* _ASSIGNMENT_
All entries are to be copied exactly, with pictures removed.

* _DATASET RECORDS_
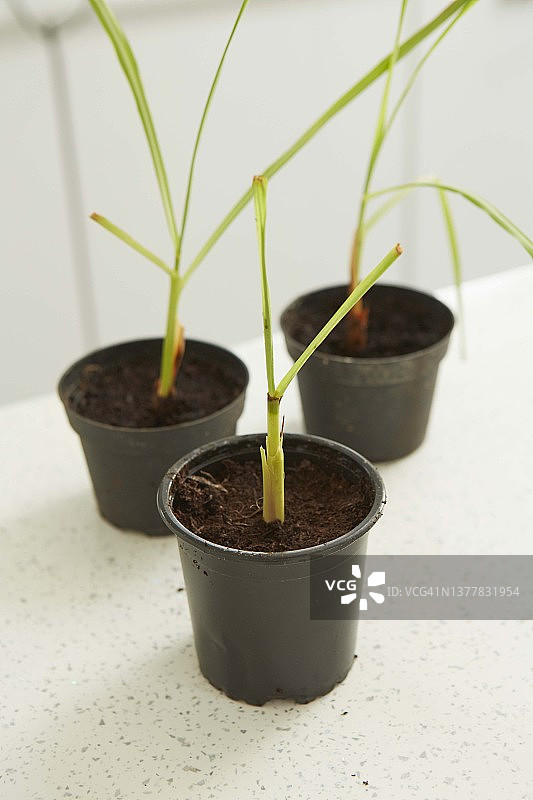 柠檬草项目图片素材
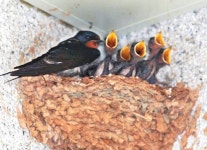 [커버스토리]제비도 떠났다, 이젠 사람 차례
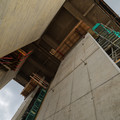 _1070289.R1.Published.jpg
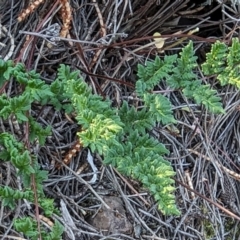 Cheilanthes sieberi subsp. sieberi (Narrow Rock Fern) at Mount Majura - 30 Sep 2023 by sbittinger
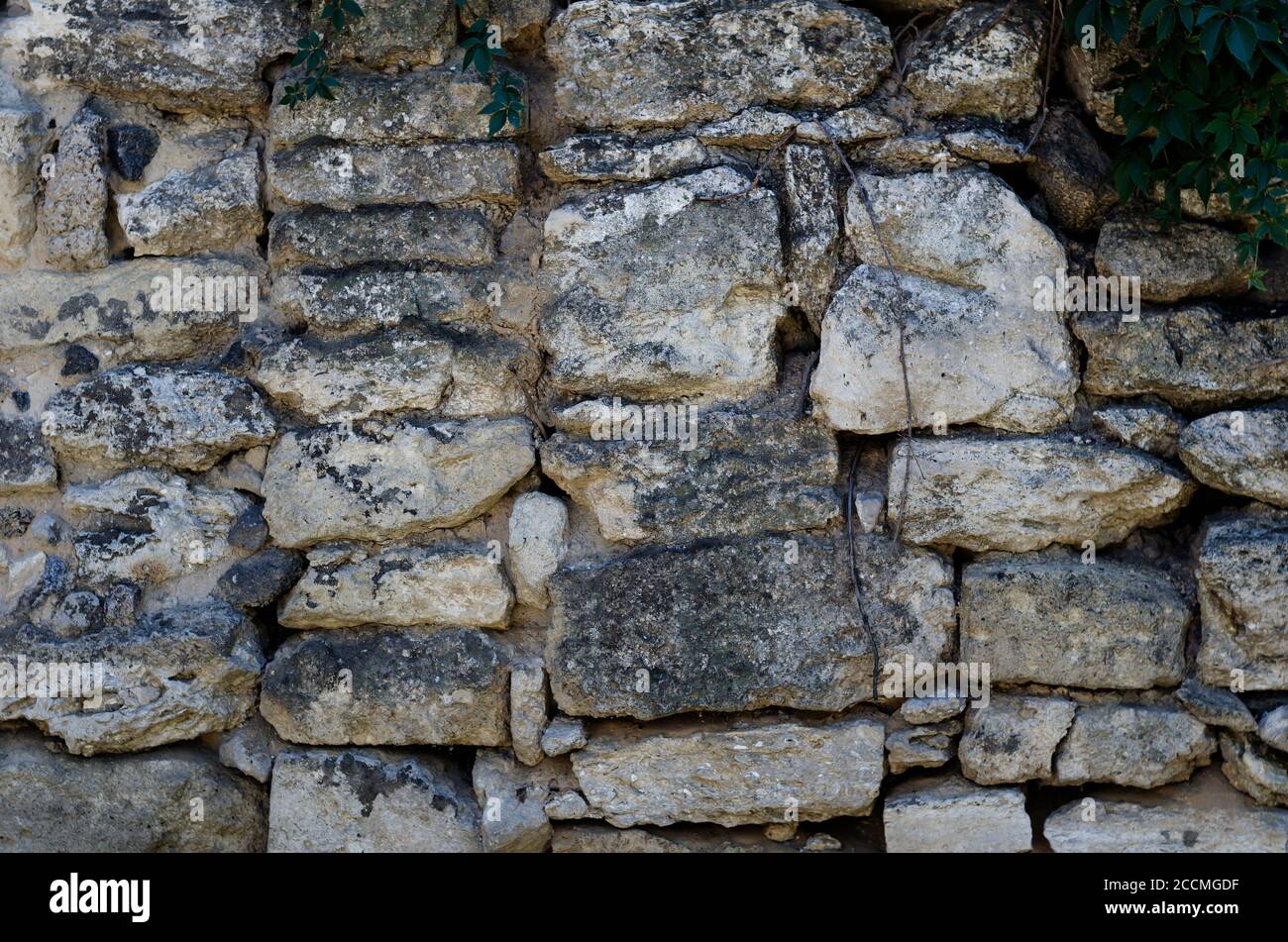 Antique shell stone exterior wall. Close-up of building blocks with ...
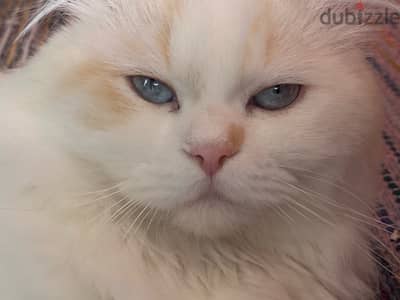 White Persian cat 1-year-old playful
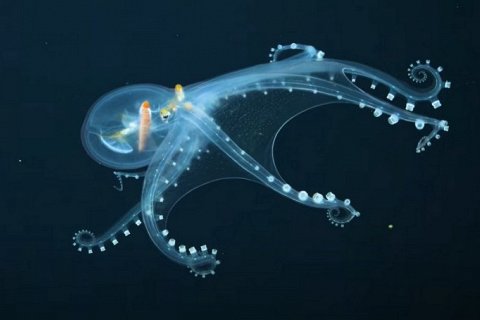 Стеклянный осьминог обнаружен в глубинах Тихого океана
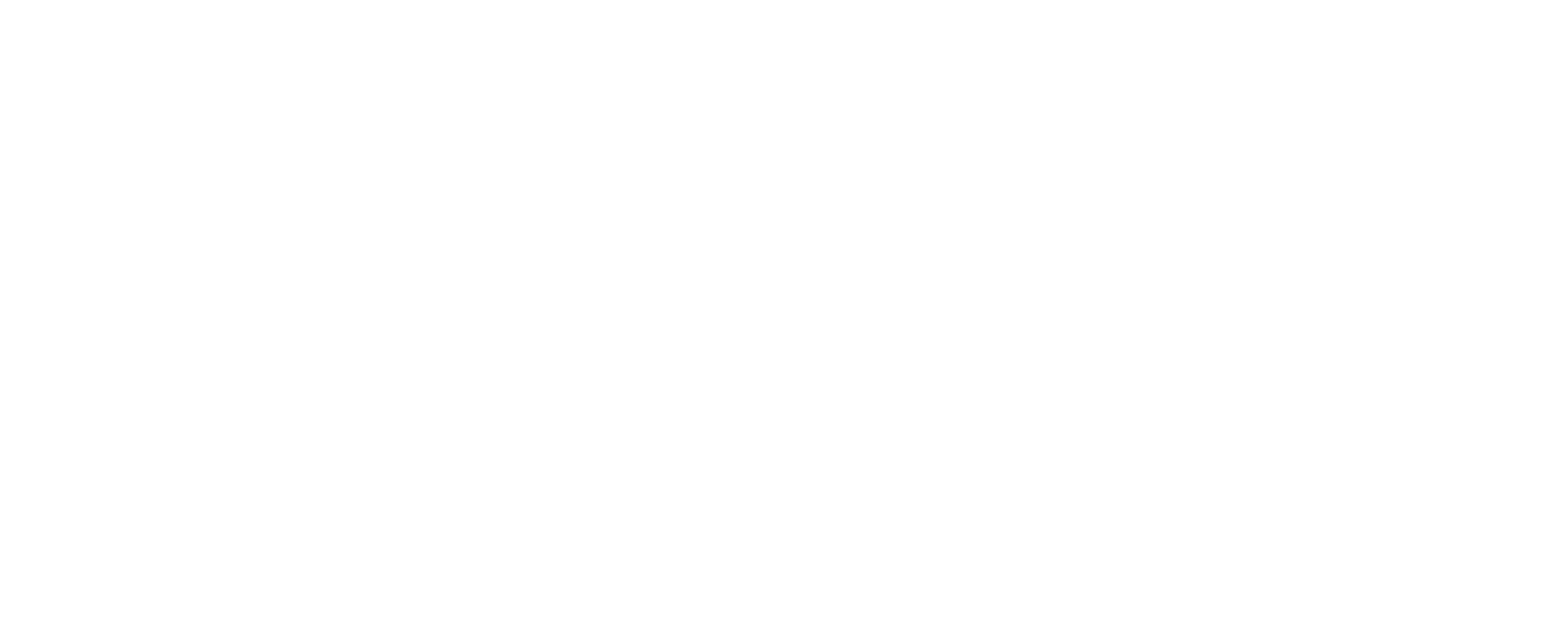 The Protocol Directive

* _PROBLEM SOLUTION_
 柠檬草项目图片素材
 [커버스토리]제비도 떠났다, 이젠 사람 차례
 _1070289.R1.Published.jpg
 Cheilanthes sieberi subsp. sieberi (Narrow Rock Fern) at Mount Majura - 30 Sep 2023 by sbittinger
 Antique shell stone exterior wall. Close-up of building blocks with ...
 White Persian cat 1-year-old playful
 Стеклянный осьминог обнаружен в глубинах Тихого океана
 The Protocol Directive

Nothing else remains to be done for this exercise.